Indeed. People seem to forget that prayer transcends time, so you could literally pray for anyone that they had a last second conversion. If you wanted to pray for Stalin for the grace of conversion at his death, you could. It doesn't mean he responded to grace and converted but you are doing your part, atemporally, to have God provide that grace.
It's not like you're saying they're definitely in heaven or Purgatory by doing so.
Some of you will reach for anything to try to "save" someone outside The Church. This doesn't even make sense because IF that were the case then there would be evidence of their conversion in "real time" that would manifest itself
before the person's death.
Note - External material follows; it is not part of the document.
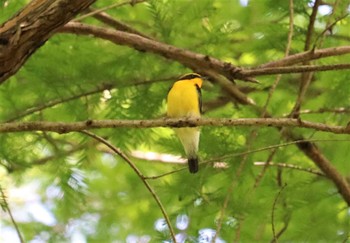 Mon, 4/25/2022 Birding report at 秋ヶ瀬公園(野鳥の森)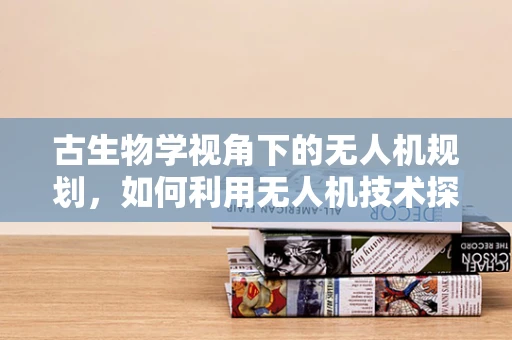 古生物学视角下的无人机规划，如何利用无人机技术探索史前遗迹？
Some of you will play these little scenarios and semantics that make no Catholic sense whatsoever so you can compromise with the world by seeming "nice." Truth is not so nice sometimes.
The sober and Catholic way to look at this without compromising with the world and being a sentimentalist is to understand that unless someone knowingly outside The Church showed some exterior/manifest signs of conversion before death then we are not to pray for them. Doing so tells God that you think there's salvation outside of His Church or it turns into the whole "BoD" thing which is another can of worms altogether so I won't get into that here. One could argue that "but...but...they may have become Catholic all of the sudden!" That's an absurd notion just to try to "save" someone. Even if that were granted in extremely rare cases it would still manifest itself as a deathbed conversion so people can actually see that they became Catholic before they died.
Sorry to pick on your post specifically but I see this attitude here all the time and it needs to be called out.
The fewness of the saved is a real thing and one people (myself included) should meditate on daily. It's not "judging" someone to take Church Teaching to it's natural conclusion. There are some in my family that died manifestly outside The Church, I'm not just going to say "well maybe they converted in their mind and some invisible person baptized them before death that I couldn't see" when they lived their lives outside The Church loving their sins until their death or other such semantics just because I loved them and would have preferred they were saved. One shouldn't subject their feelings and sentimentalism to God's revealed Truth.